Task details.
Make an exact transcript of the lines in the data below, starting with the one containing "ファレティ メンズ アウター" and going on through the one containing "Cheap 2018-2024 Kawasaki", with both included and the pictures left out.

Data extracts.
--- START ---

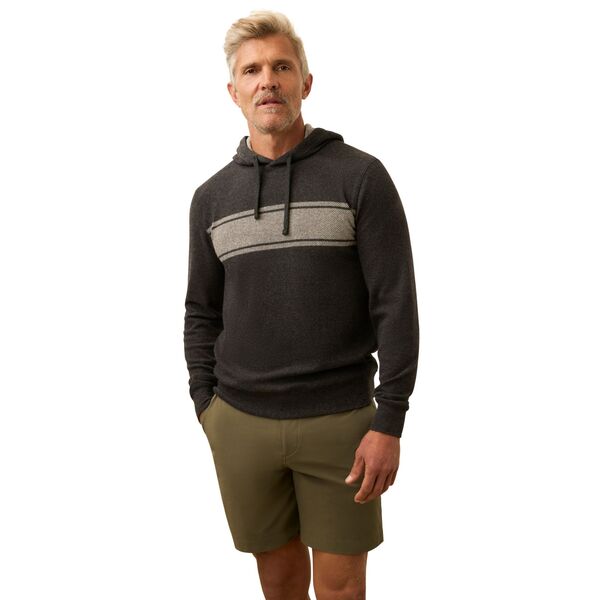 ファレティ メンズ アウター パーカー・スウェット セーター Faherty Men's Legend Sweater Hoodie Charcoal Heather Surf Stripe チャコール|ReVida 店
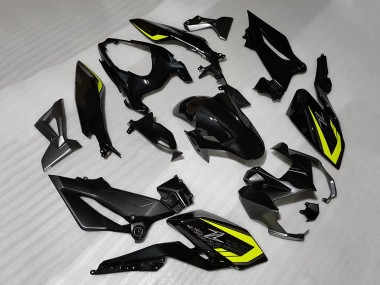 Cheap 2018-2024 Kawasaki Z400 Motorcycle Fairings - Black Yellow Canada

--- END ---
--- START ---

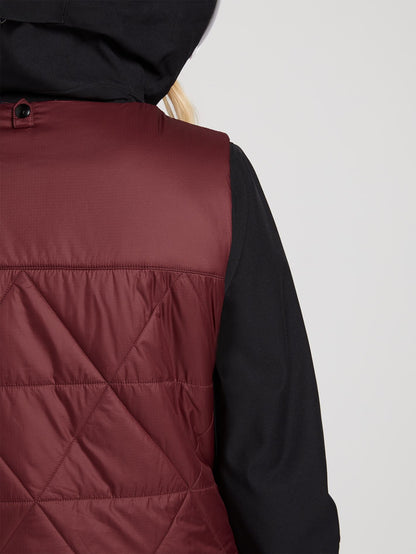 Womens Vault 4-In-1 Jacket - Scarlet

--- END ---
--- START ---

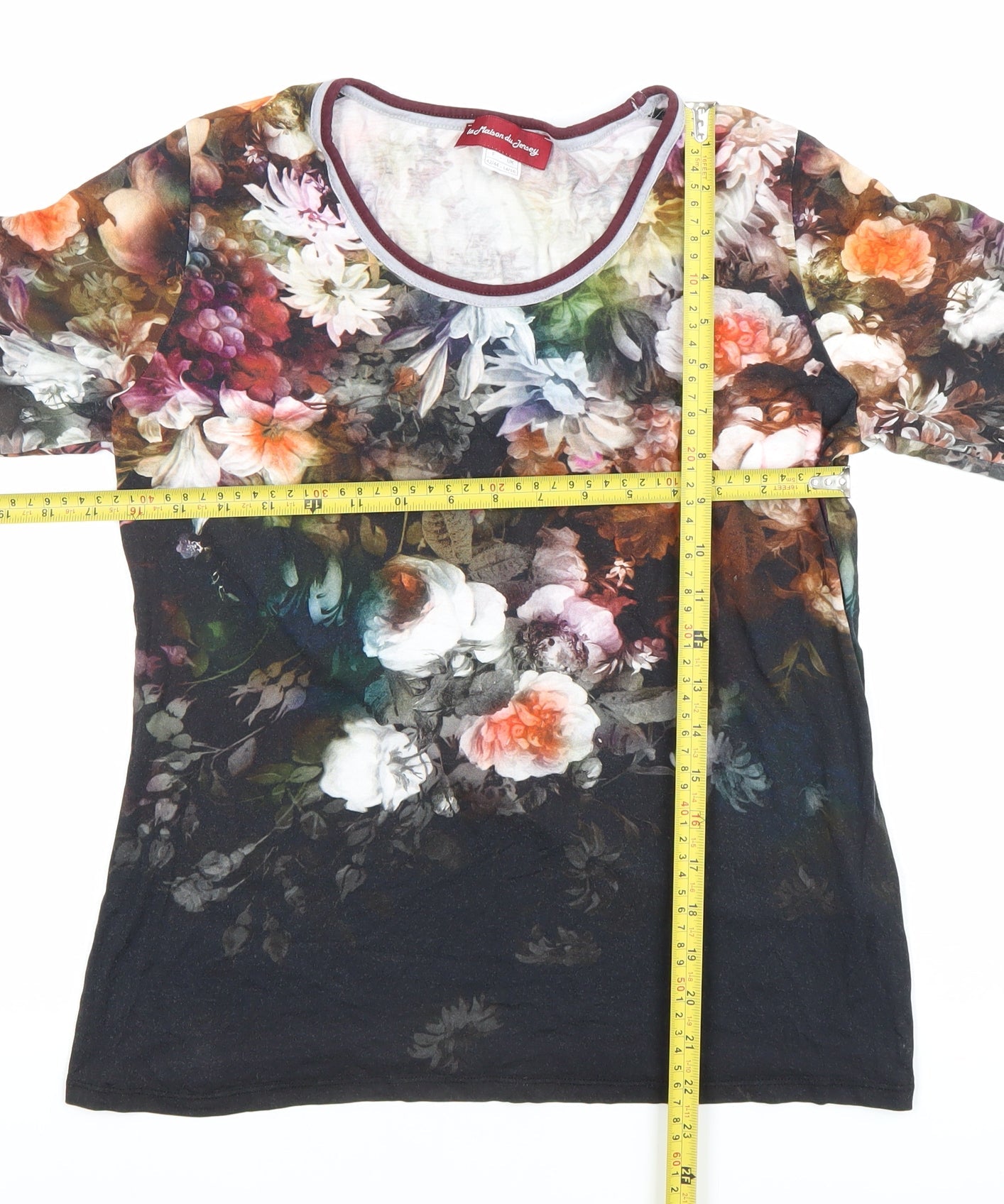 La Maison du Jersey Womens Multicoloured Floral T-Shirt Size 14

--- END ---

Problem solution.
 ファレティ メンズ アウター パーカー・スウェット セーター Faherty Men's Legend Sweater Hoodie Charcoal Heather Surf Stripe チャコール|ReVida 店
 Cheap 2018-2024 Kawasaki Z400 Motorcycle Fairings - Black Yellow Canada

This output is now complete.